*** AVAILABLE RECORDS Section Begins ***

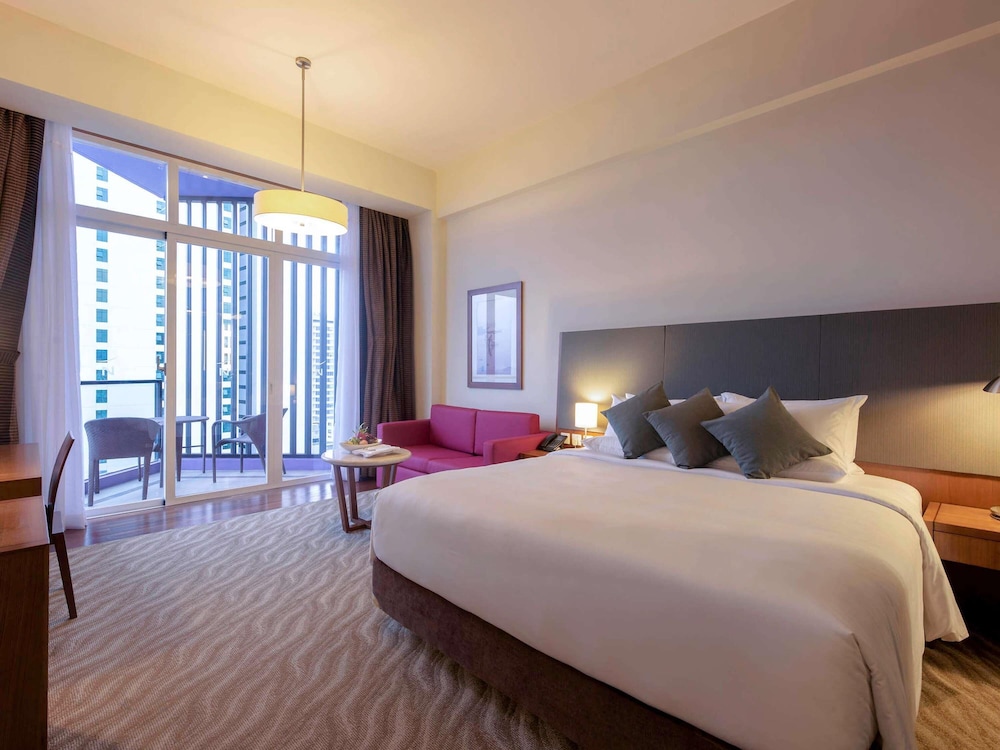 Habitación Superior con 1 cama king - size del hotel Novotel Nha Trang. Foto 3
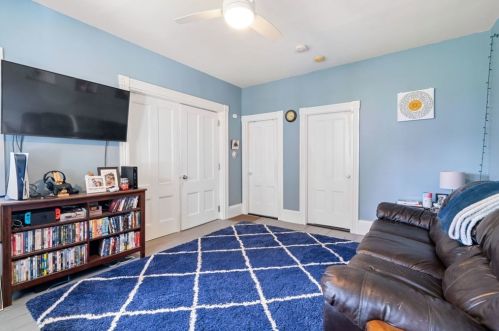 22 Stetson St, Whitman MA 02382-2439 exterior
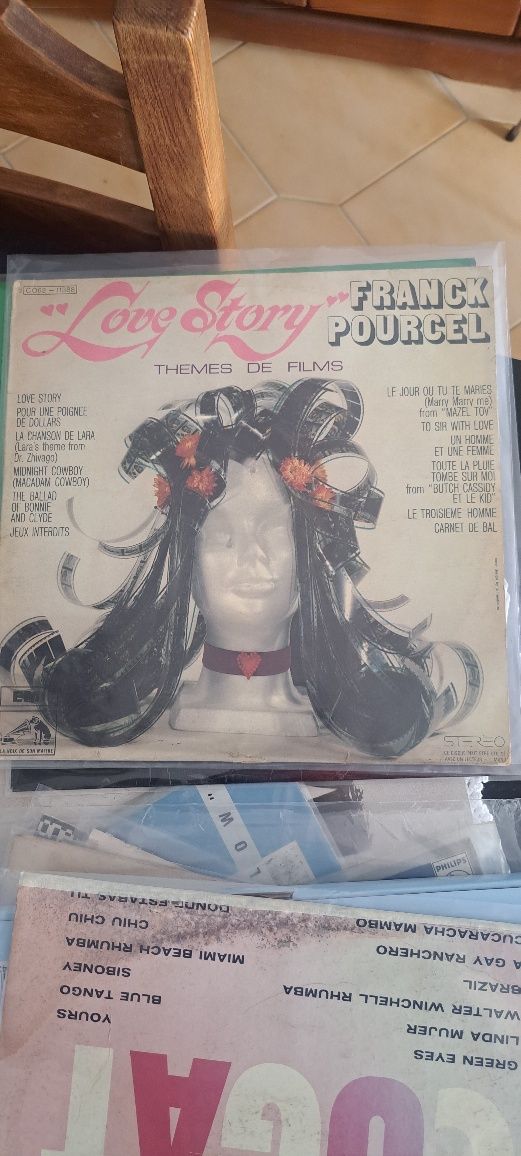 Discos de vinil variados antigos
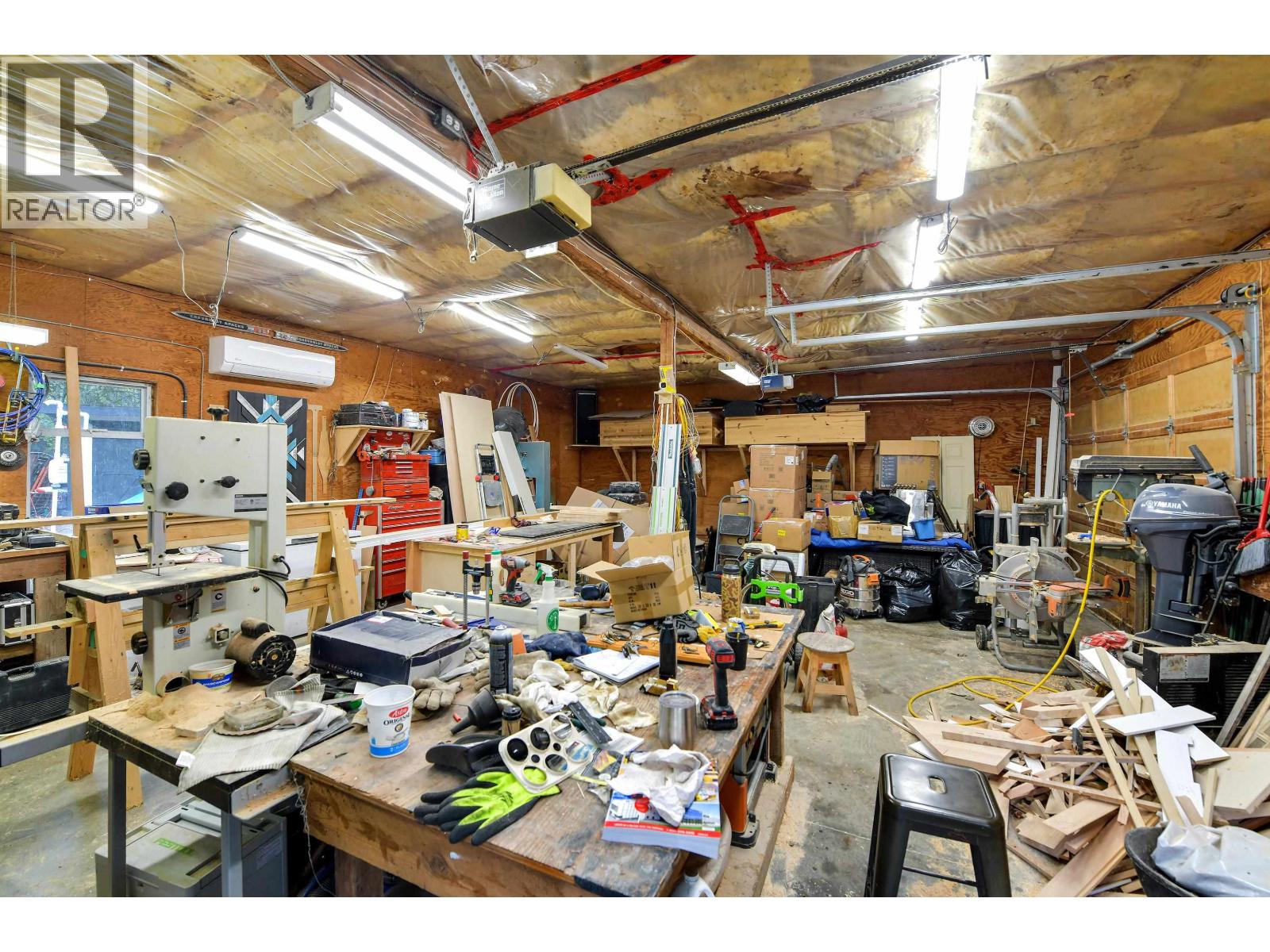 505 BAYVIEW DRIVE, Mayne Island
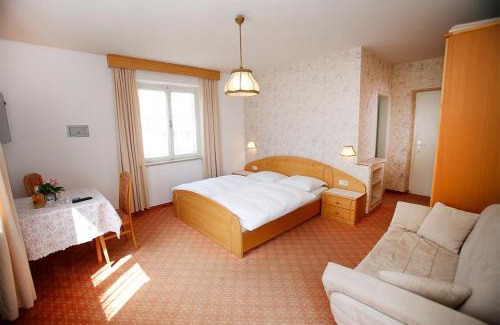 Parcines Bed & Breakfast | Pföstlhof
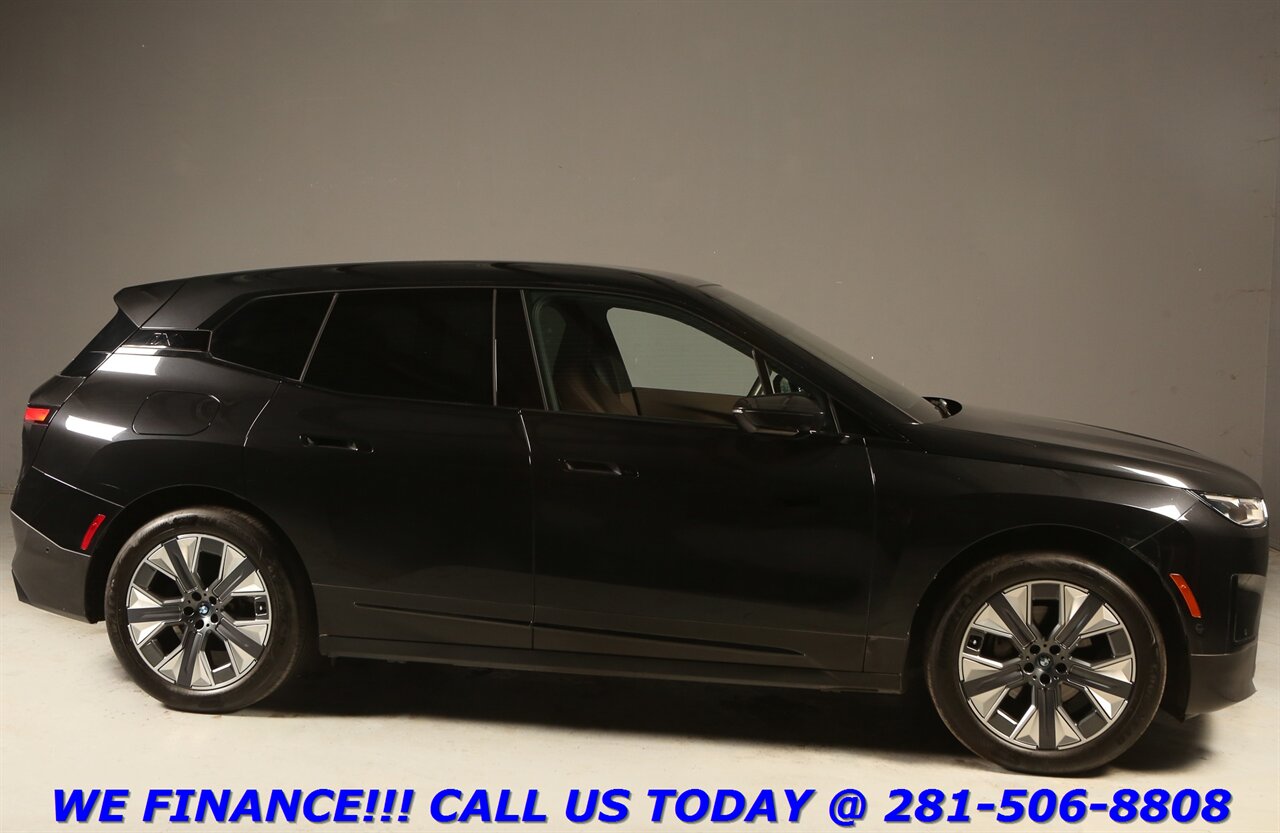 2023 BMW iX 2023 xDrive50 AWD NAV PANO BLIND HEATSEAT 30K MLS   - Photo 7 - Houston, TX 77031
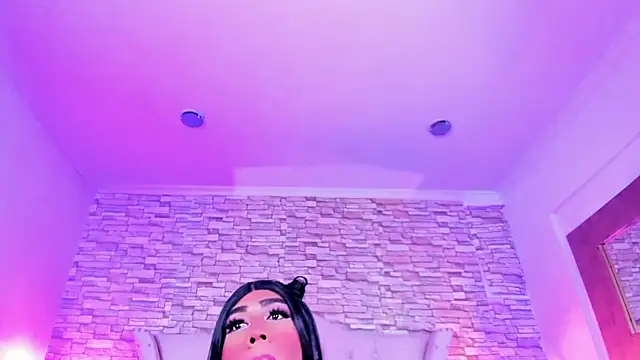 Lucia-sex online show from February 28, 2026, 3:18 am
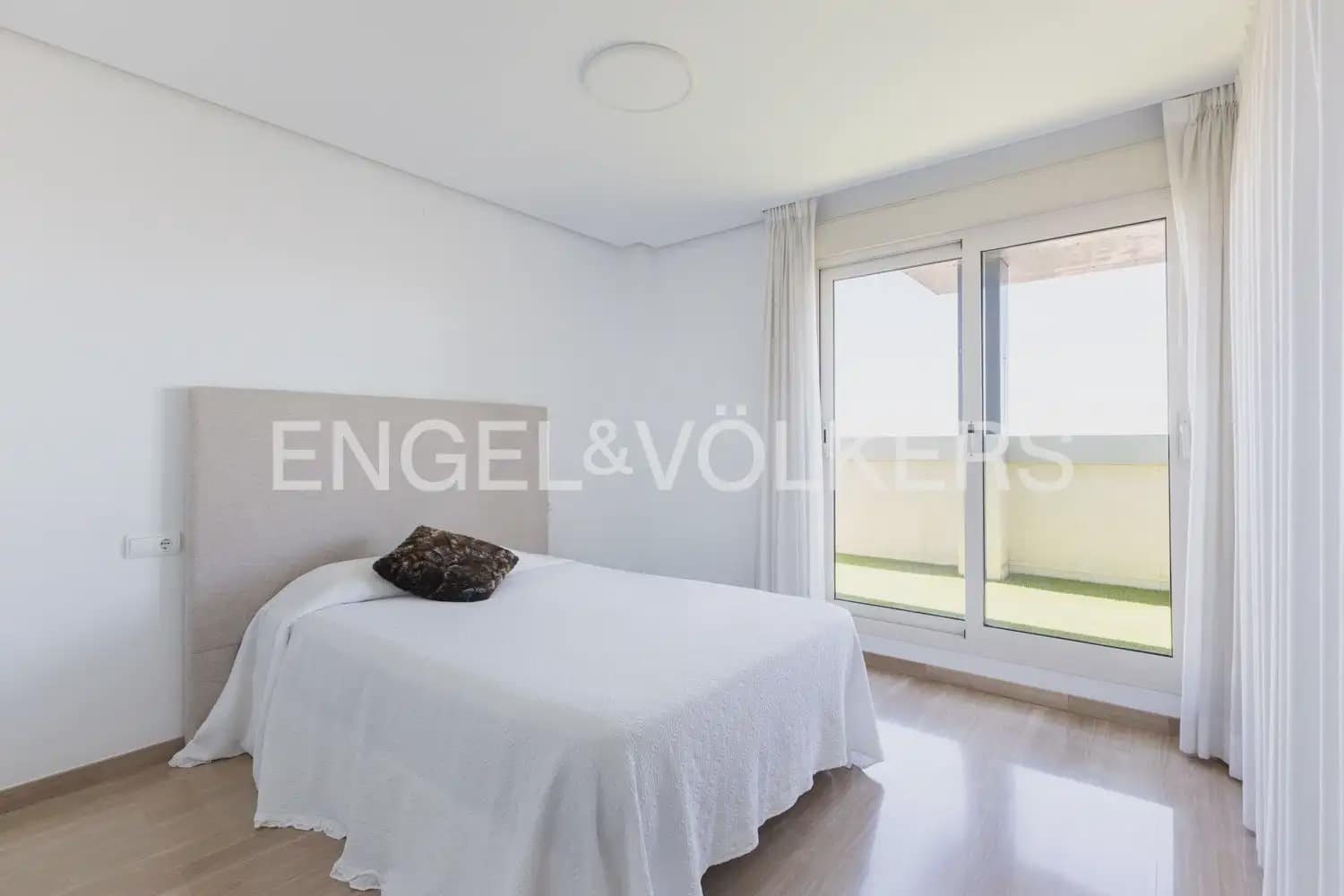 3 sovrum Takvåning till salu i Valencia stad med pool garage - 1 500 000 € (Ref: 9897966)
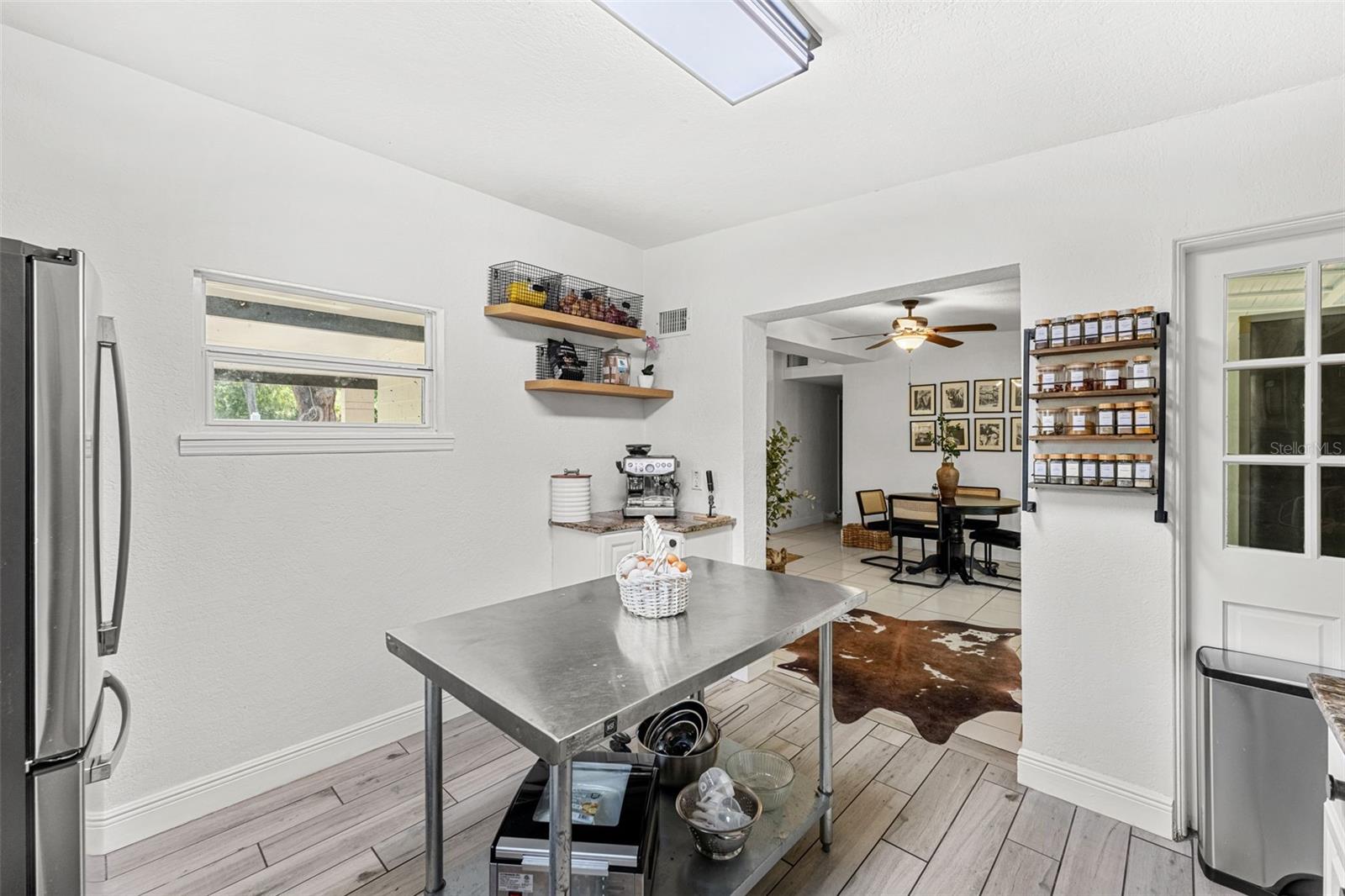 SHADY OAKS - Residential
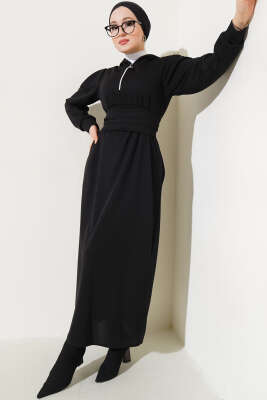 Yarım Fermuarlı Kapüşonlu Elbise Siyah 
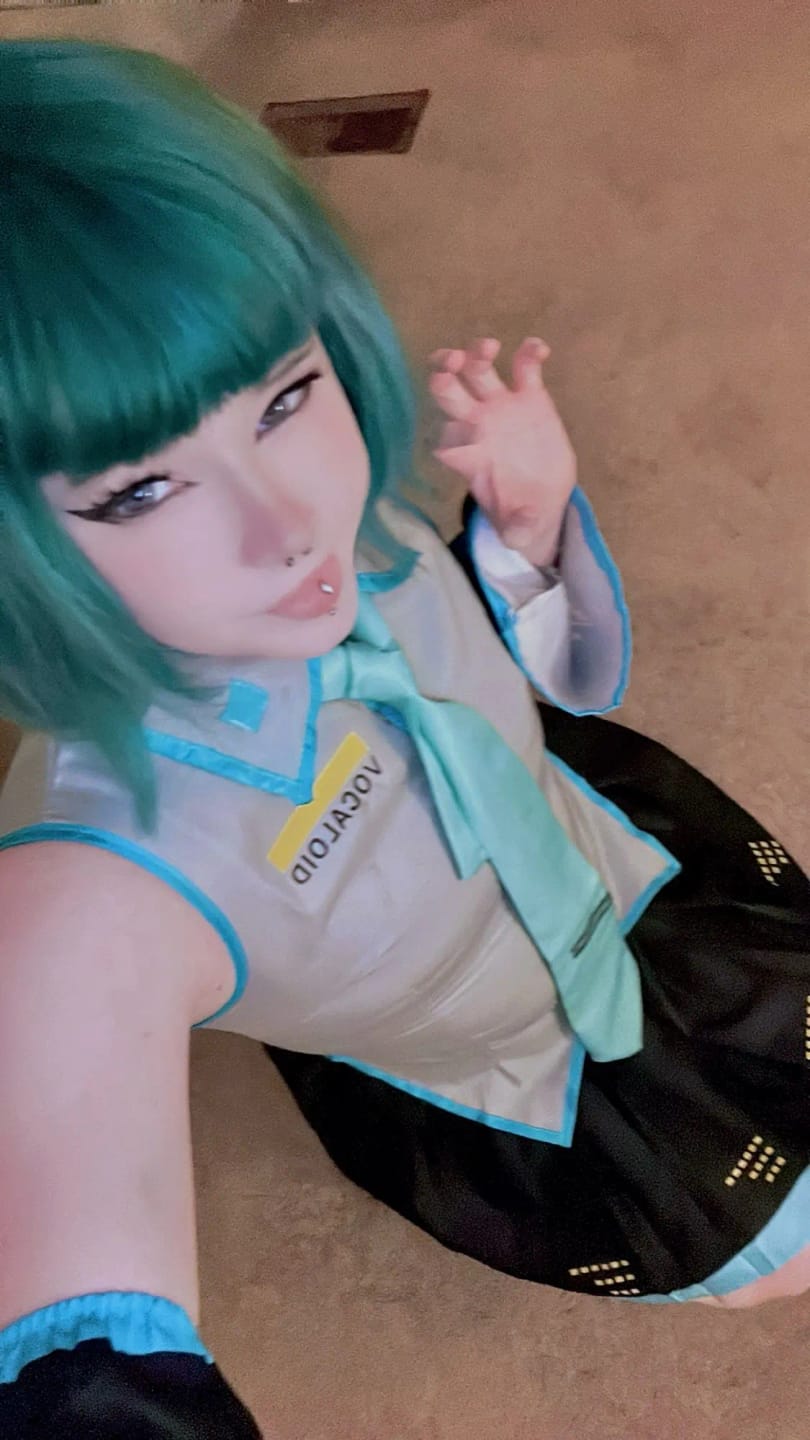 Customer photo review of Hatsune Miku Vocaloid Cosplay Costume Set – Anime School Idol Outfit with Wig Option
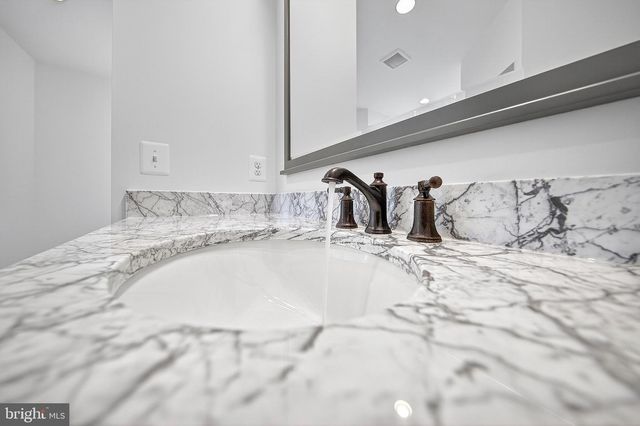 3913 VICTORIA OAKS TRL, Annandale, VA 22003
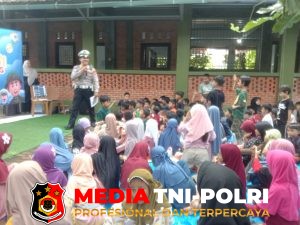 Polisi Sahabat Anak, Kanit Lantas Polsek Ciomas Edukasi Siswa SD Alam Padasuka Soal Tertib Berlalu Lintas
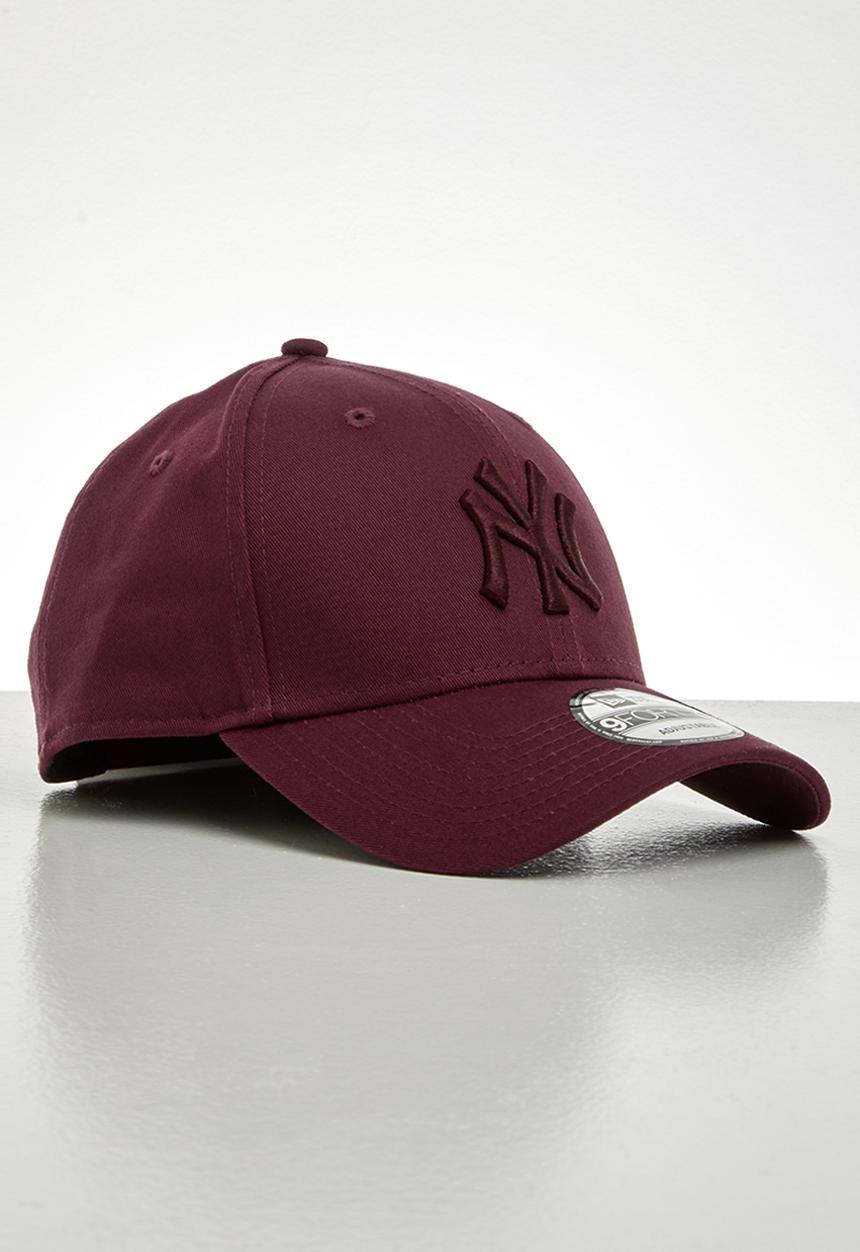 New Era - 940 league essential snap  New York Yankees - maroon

*** AVAILABLE RECORDS Section Ends ***

■ PROBLEM STATEMENT
In the listing above, find the line with "505 BAYVIEW DRIVE, Mayne Island" and the line with "3 sovrum Takvåning". Transcribe those two and everything between, exactly, leaving out pictures.

■ RESPONSE
 505 BAYVIEW DRIVE, Mayne Island
 Parcines Bed & Breakfast | Pföstlhof
 2023 BMW iX 2023 xDrive50 AWD NAV PANO BLIND HEATSEAT 30K MLS   - Photo 7 - Houston, TX 77031
 Lucia-sex online show from February 28, 2026, 3:18 am
 3 sovrum Takvåning till salu i Valencia stad med pool garage - 1 500 000 € (Ref: 9897966)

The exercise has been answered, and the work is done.